- **EXERCISE INSTRUCTIONS**
All of the data should be restated word for word, with the pictures omitted.

- **LISTED ENTRIES**
---+---
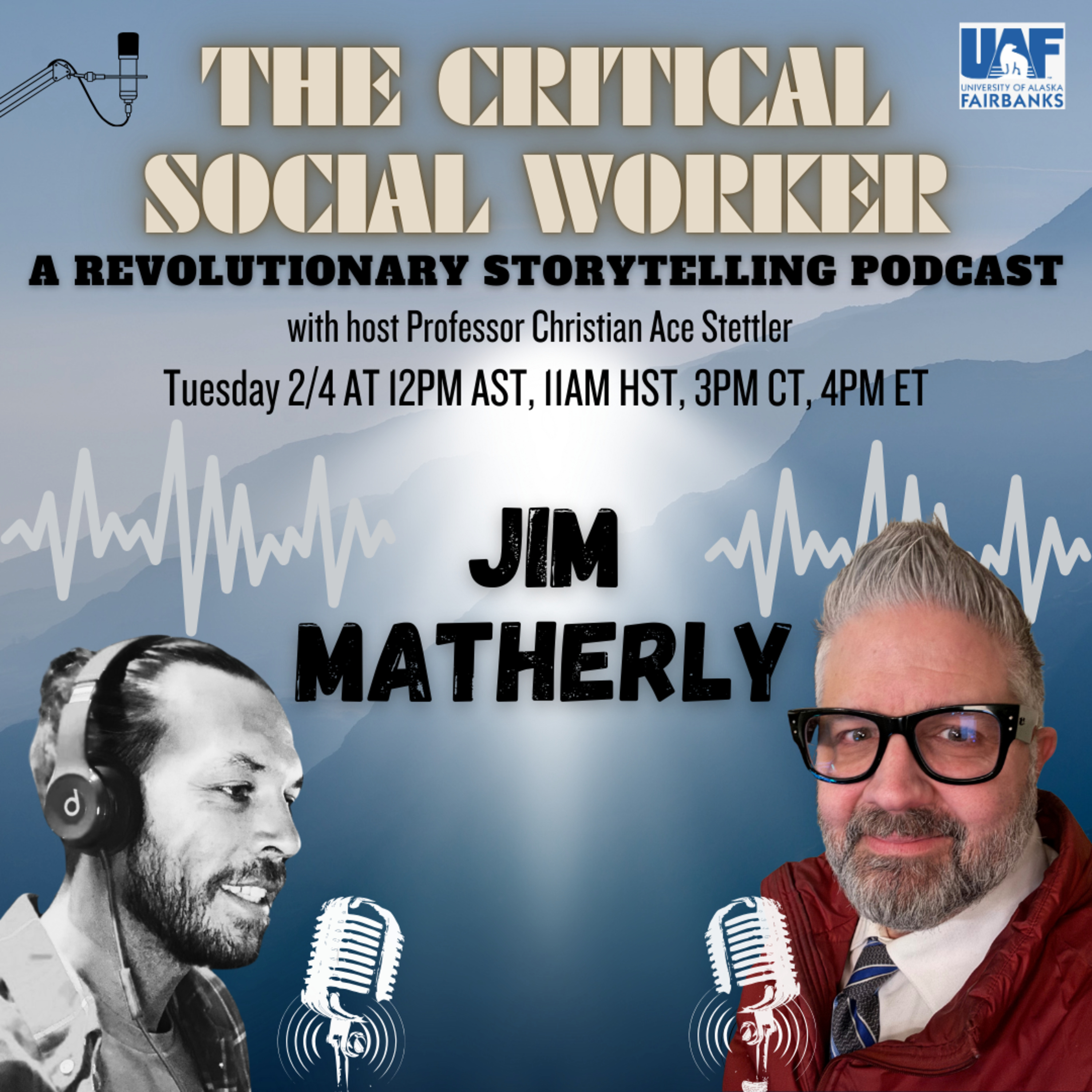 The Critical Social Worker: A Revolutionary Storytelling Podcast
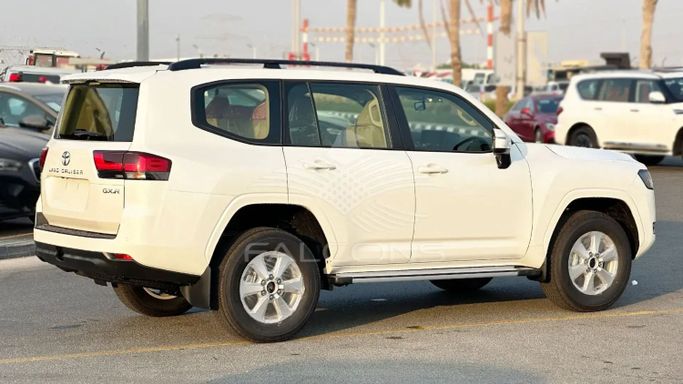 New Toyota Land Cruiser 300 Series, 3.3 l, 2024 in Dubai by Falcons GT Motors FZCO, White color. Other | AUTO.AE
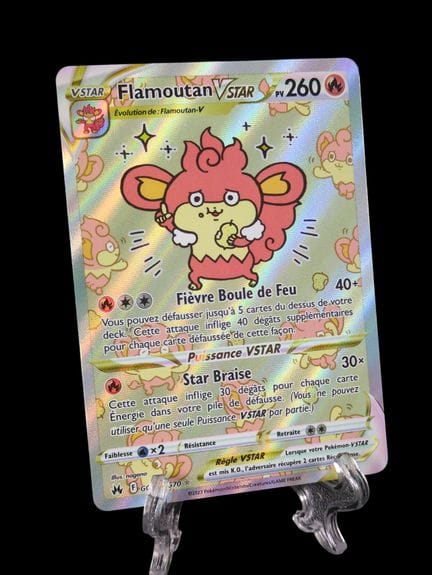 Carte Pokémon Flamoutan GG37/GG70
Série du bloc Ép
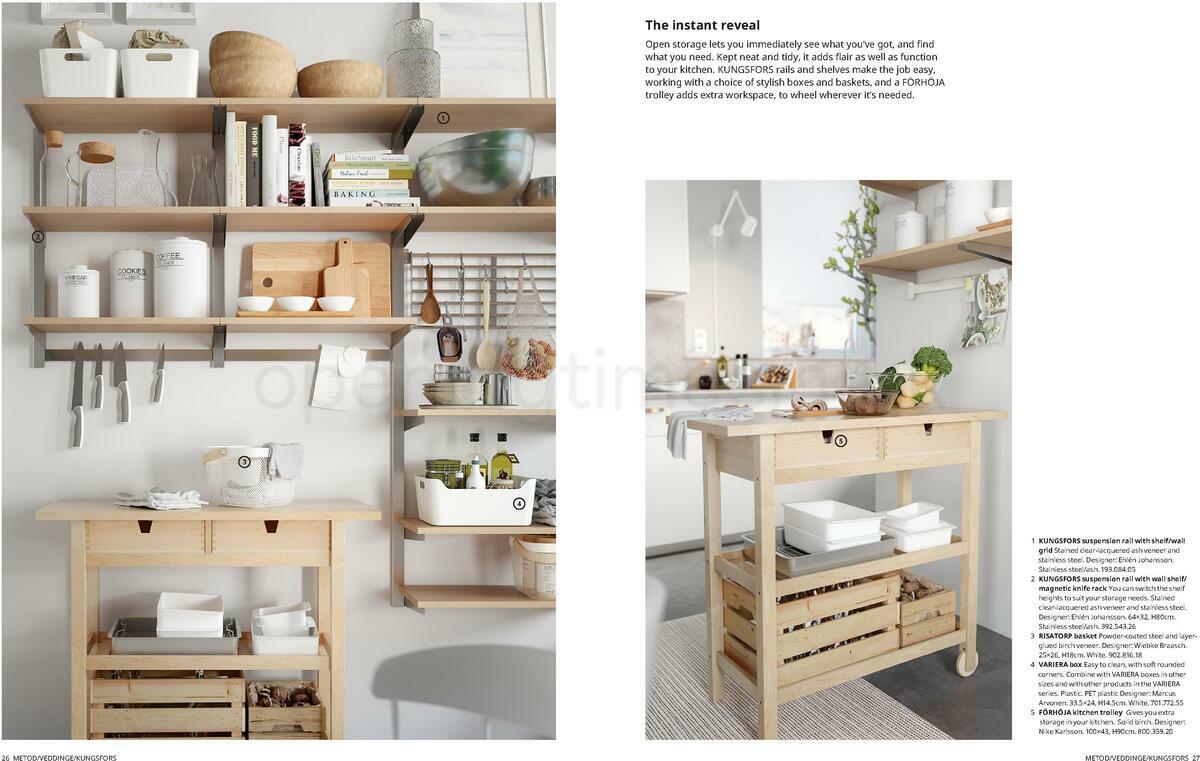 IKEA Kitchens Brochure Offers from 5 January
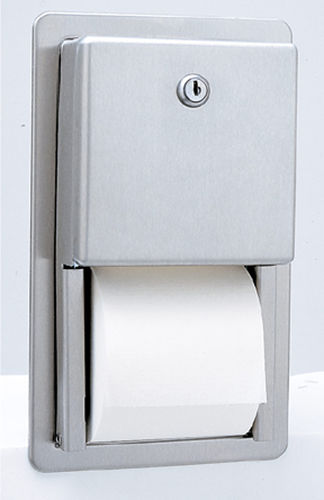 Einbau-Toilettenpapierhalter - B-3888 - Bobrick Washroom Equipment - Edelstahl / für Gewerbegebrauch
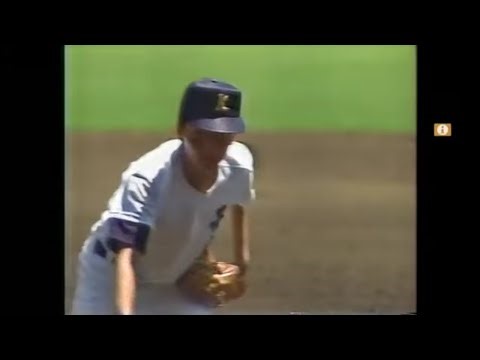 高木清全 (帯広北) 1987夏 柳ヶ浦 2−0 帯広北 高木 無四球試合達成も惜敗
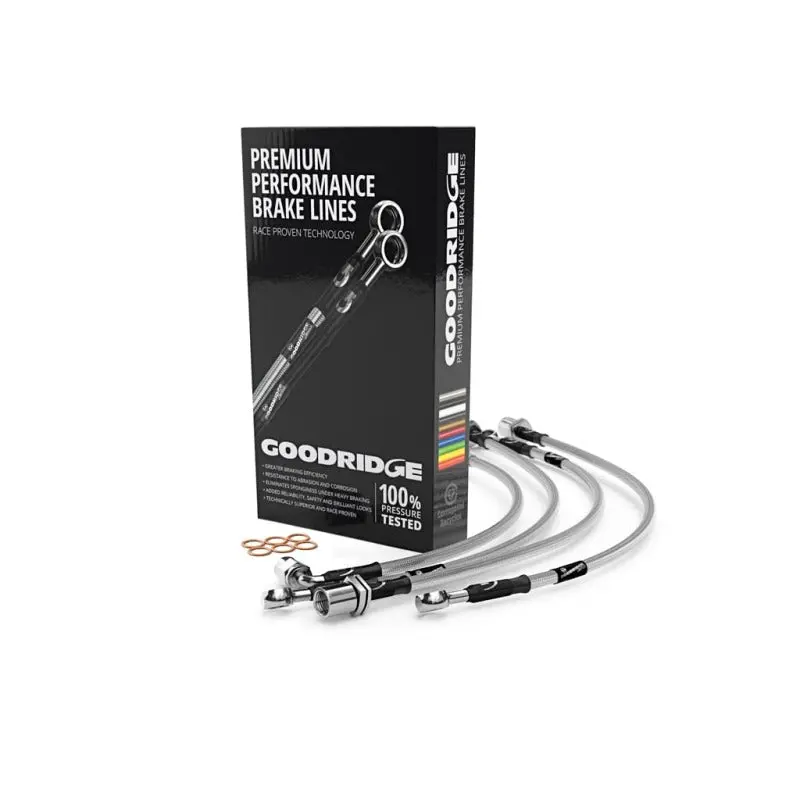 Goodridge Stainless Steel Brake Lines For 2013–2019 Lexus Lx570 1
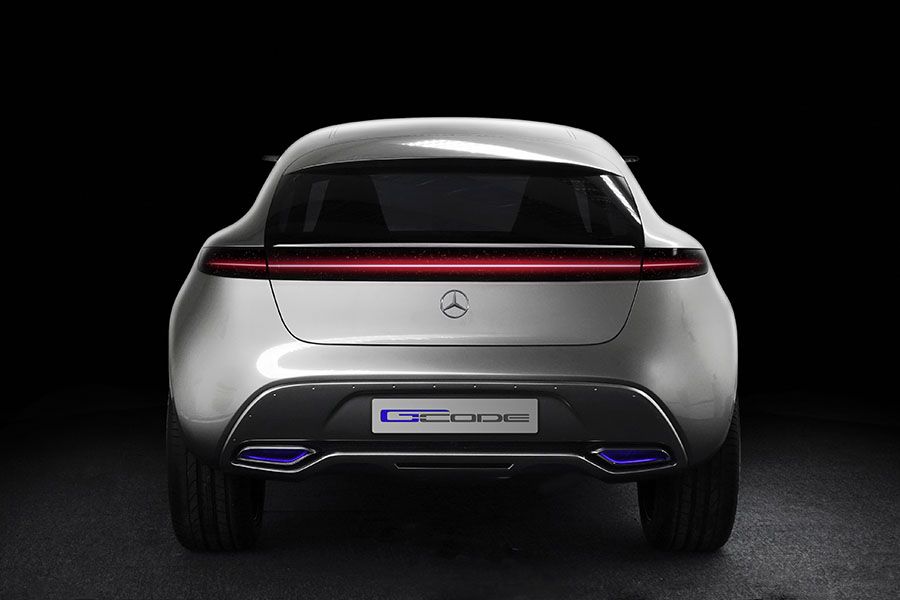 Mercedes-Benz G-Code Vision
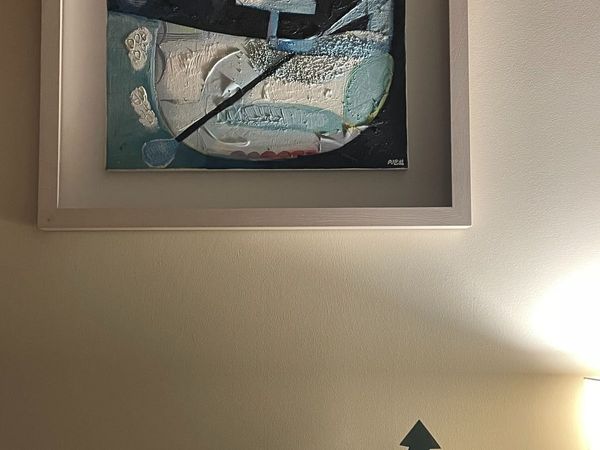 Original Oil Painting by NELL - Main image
---+---
- **RESULT**
 The Critical Social Worker: A Revolutionary Storytelling Podcast
 New Toyota Land Cruiser 300 Series, 3.3 l, 2024 in Dubai by Falcons GT Motors FZCO, White color. Other | AUTO.AE
 Carte Pokémon Flamoutan GG37/GG70
Série du bloc Ép
 IKEA Kitchens Brochure Offers from 5 January
 Einbau-Toilettenpapierhalter - B-3888 - Bobrick Washroom Equipment - Edelstahl / für Gewerbegebrauch
 高木清全 (帯広北) 1987夏 柳ヶ浦 2−0 帯広北 高木 無四球試合達成も惜敗
 Goodridge Stainless Steel Brake Lines For 2013–2019 Lexus Lx570 1
 Mercedes-Benz G-Code Vision
 Original Oil Painting by NELL - Main image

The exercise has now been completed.